Directions for this task: Leaving out the images, please reproduce each line below exactly.

Recorded information:
····················
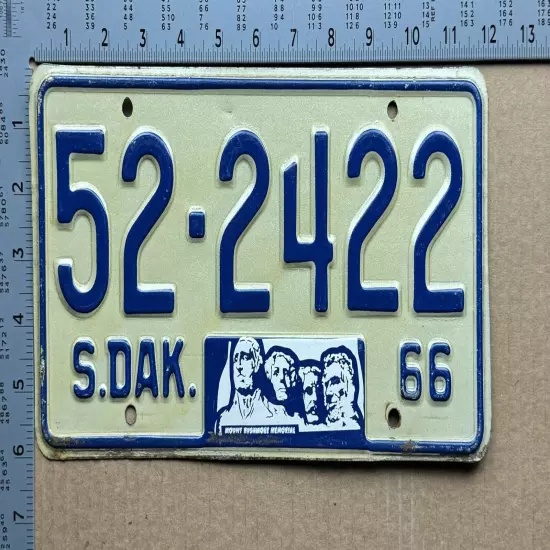 1966 South Dakota license plate 52-2422 Moody Mount Rushmore 16506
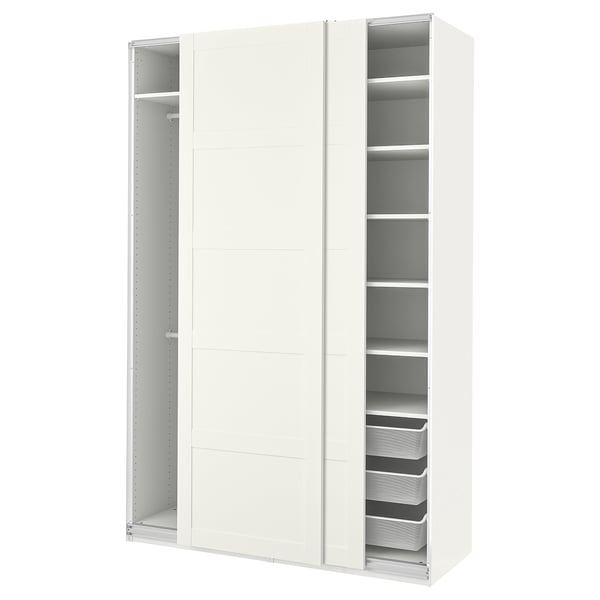 Valge ikea PAX riidekapp lükanduste ja riiulitega.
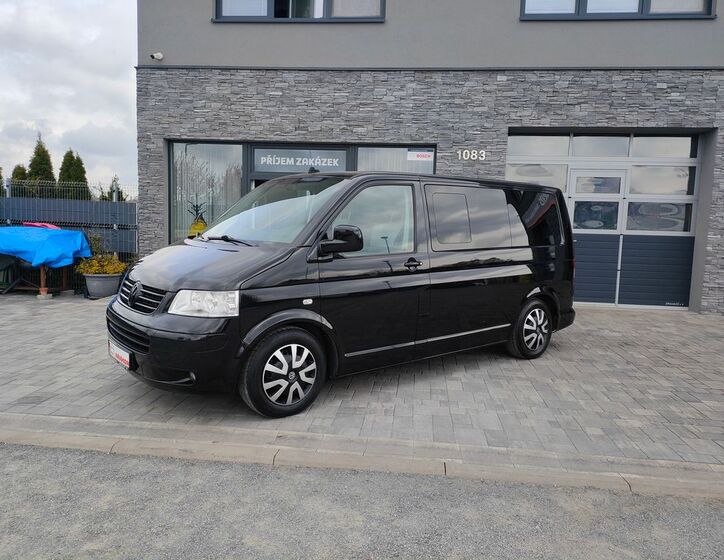 Volkswagen Multivan 1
····················
The answer:
 1966 South Dakota license plate 52-2422 Moody Mount Rushmore 16506
 Valge ikea PAX riidekapp lükanduste ja riiulitega.
 Volkswagen Multivan 1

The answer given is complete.